Then there is Mary Jane from “Spiderman” who always needs rescued by Spiderman, giving the impression that women are helpless and always need a man around to save the day. Let’s not forget “The Scorpion King” where king Memnon uses his Sorceress for his own personal agenda. Will watching movies and shows such as these affect how girls see themselves? The Scorpion King is a primary example to the objectification of women in movies. The main female character, the sorceress, has been used her entire life by King Memnon.
He’s kept her prisoner since she was a child to use her visions to give him the upper hand in battle. He forces her to have a vision every day and then tell him if he is going to win or lose his next battle so that he can pick his battles and be more successful in his goal to rule everything. At one point in the movie, Memnon basically tells the Sorcerer that when he’s done using her for her visions he’s going to start using her for his own sexual pleasure. The Sorcerer is more than happy to be taken hostage by Matheyus.
She later tells him that she only went with him so willingly because Memnon kept her prisoner since she was a child. She was being used her entire life by a man that just wanted to be feared by everyone and rule everything. It portrays society’s typical stereotype of women. Do everything the man wants and please him in any way you can without a single complaint. The Sorcerer makes it obvious that she’d much rather stay with Matheyus, the man who threatens to kill her, than go back to Memnon, the man who has been using her for so long.
This is because in the short time that she’s been with Matheyus, she has already been treated better that she has been her entire life. Memnon has continuously used the Sorceress to give himself an advantage in battle. This is an example of the typical male figure objectifying a woman and using her to get what he wants. He treats her like she’s nothing more than a piece of his property. According to Gloria Steinem, “A female child is left to believe that, even when her body is as big as her spirit, she will still be helping with minor tasks, appreciating the accomplishments of others, and waiting to be rescued” (356).

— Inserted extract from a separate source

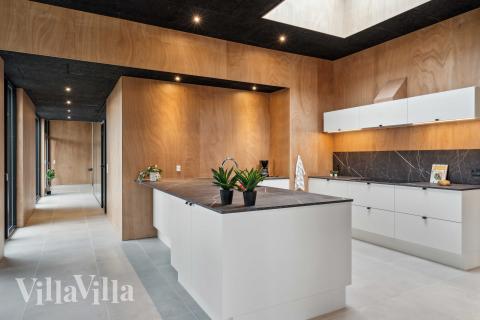 Køkkenet i luksushus nr. 684 er udstyrret, så I let kan lave mad til 18 personer.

This quote helps to explain the Sorcerers want to escape but also her challenge in the fact that she has to have someone’s help to escape Memnon. And no surprise, it has to be a man’s help because she wouldn’t have been able to escape on her own. The Sorcerer also feels the need to escape after Memnon informs her of his plan to use her for his own sexual pleasure when he’s done using her for her visions. According to Christine Seifert, “Digging into Edward’s mind reinforces the old stereotype that underneath it all, even the best guys are calculating vampires, figuring out how to act on their masculine urges” (346-7).
This quote helps to explain Memnon’s fights to take advantage of the Sorcerer because according to a myth spread by the Sorcerer’s ancestors, the first time any sorceress has sex she will lose her gift of foresight. So if he wants to keep his advantage in battle, he has to fight his natural male urges. Watching movies and shows such as these can’t be having a positive effect on younger girls. They use female roles that they see on TV and in movies as role models just as much as they use the women around them as role models.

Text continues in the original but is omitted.